**TO DO**
Starting at the line that holds "DWFLabs正寻找GameFi、SocialFi、衍生品等多个领域的投资机会" and stopping at the line that holds "Monnalisa Tweed-Effect Flared", restate the records below word for word, with both of those lines included.

BEGIN TASK DATA

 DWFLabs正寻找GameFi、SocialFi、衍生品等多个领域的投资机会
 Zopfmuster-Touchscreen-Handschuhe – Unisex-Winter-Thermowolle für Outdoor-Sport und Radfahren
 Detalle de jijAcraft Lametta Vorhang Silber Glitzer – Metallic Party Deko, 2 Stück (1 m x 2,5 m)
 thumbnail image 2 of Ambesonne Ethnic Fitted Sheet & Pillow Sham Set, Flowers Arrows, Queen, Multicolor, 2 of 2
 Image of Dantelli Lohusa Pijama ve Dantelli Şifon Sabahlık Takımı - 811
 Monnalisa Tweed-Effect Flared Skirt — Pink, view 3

END TASK DATA
BEGIN TASK DATA

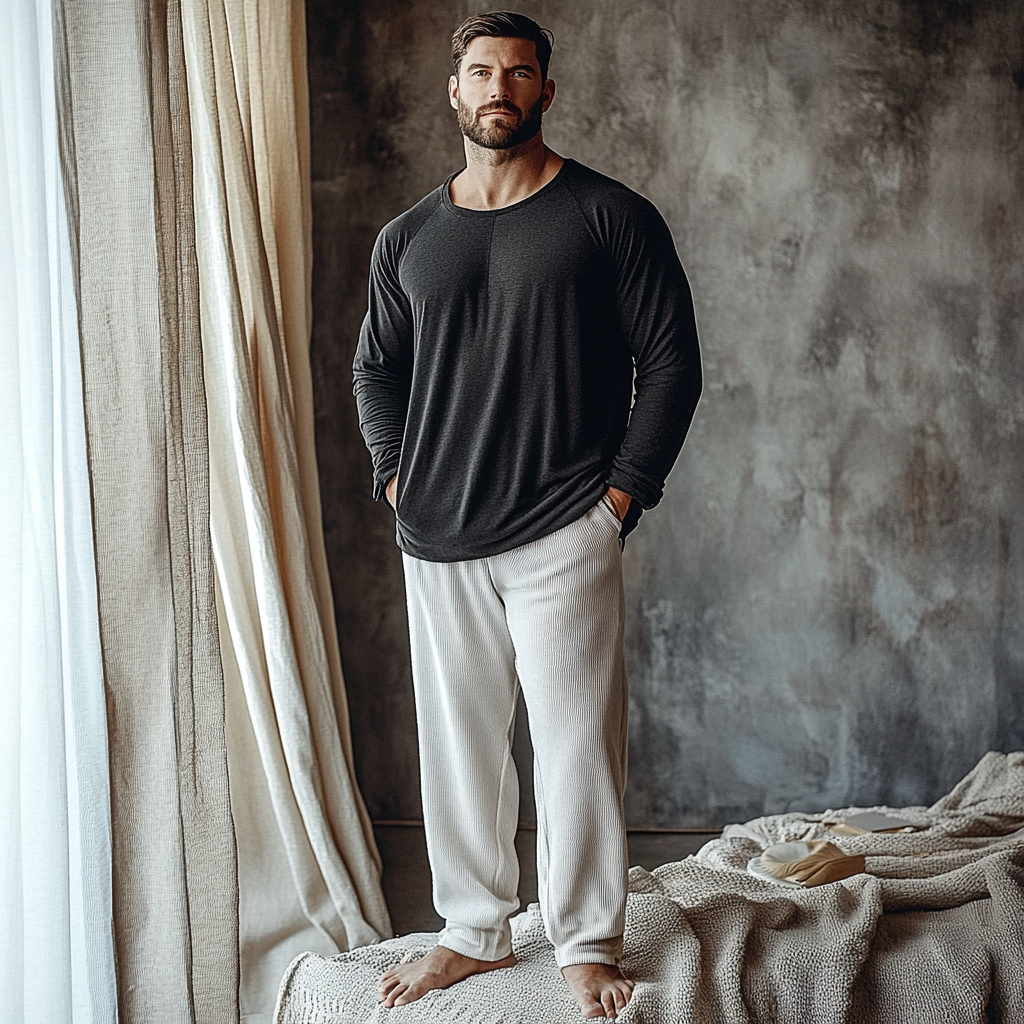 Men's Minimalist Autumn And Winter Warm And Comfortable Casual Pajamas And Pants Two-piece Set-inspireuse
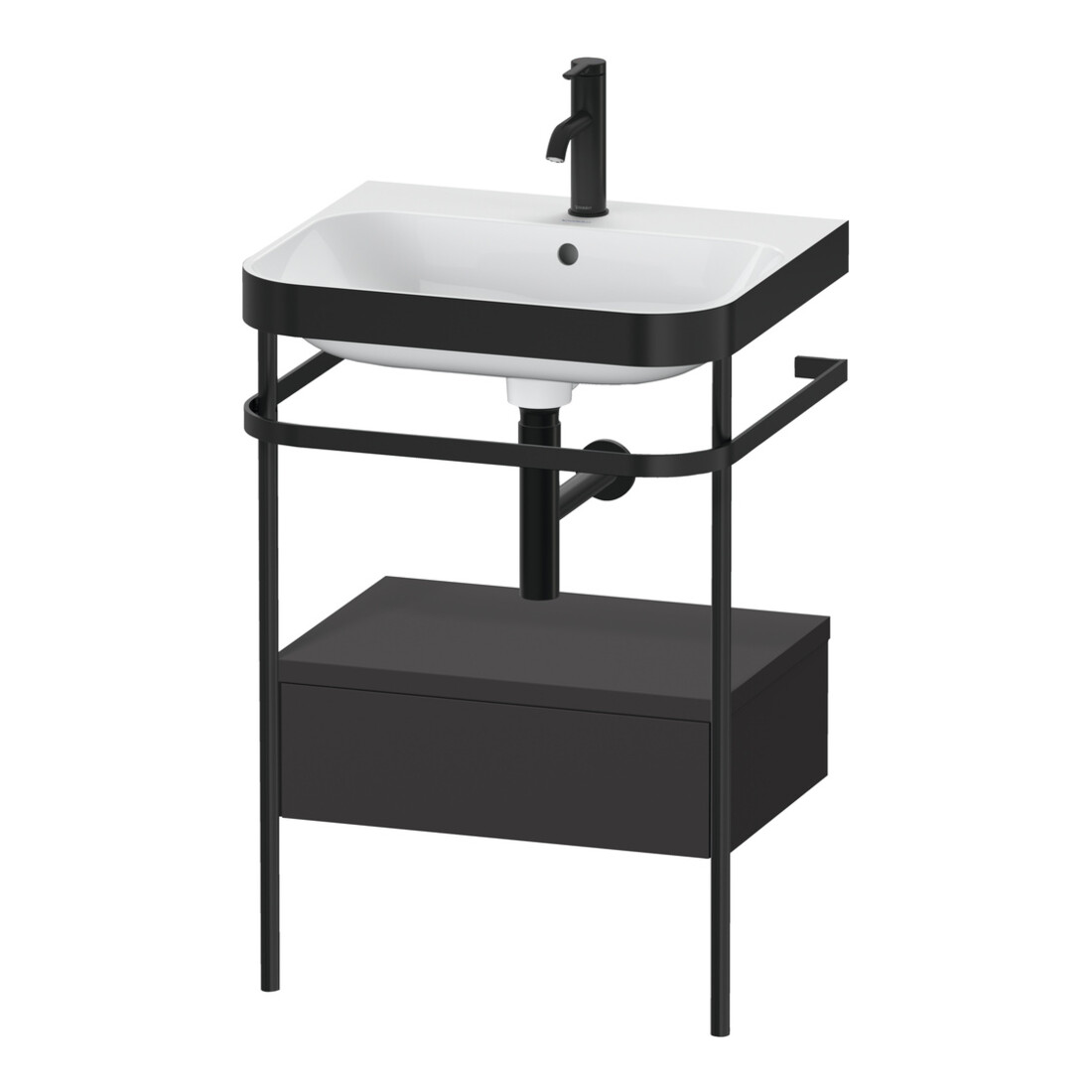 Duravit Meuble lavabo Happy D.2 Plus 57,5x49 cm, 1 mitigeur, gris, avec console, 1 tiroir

END TASK DATA

**SOLUTION FOR THIS TASK**
 DWFLabs正寻找GameFi、SocialFi、衍生品等多个领域的投资机会
 Zopfmuster-Touchscreen-Handschuhe – Unisex-Winter-Thermowolle für Outdoor-Sport und Radfahren
 Detalle de jijAcraft Lametta Vorhang Silber Glitzer – Metallic Party Deko, 2 Stück (1 m x 2,5 m)
 thumbnail image 2 of Ambesonne Ethnic Fitted Sheet & Pillow Sham Set, Flowers Arrows, Queen, Multicolor, 2 of 2
 Image of Dantelli Lohusa Pijama ve Dantelli Şifon Sabahlık Takımı - 811
 Monnalisa Tweed-Effect Flared Skirt — Pink, view 3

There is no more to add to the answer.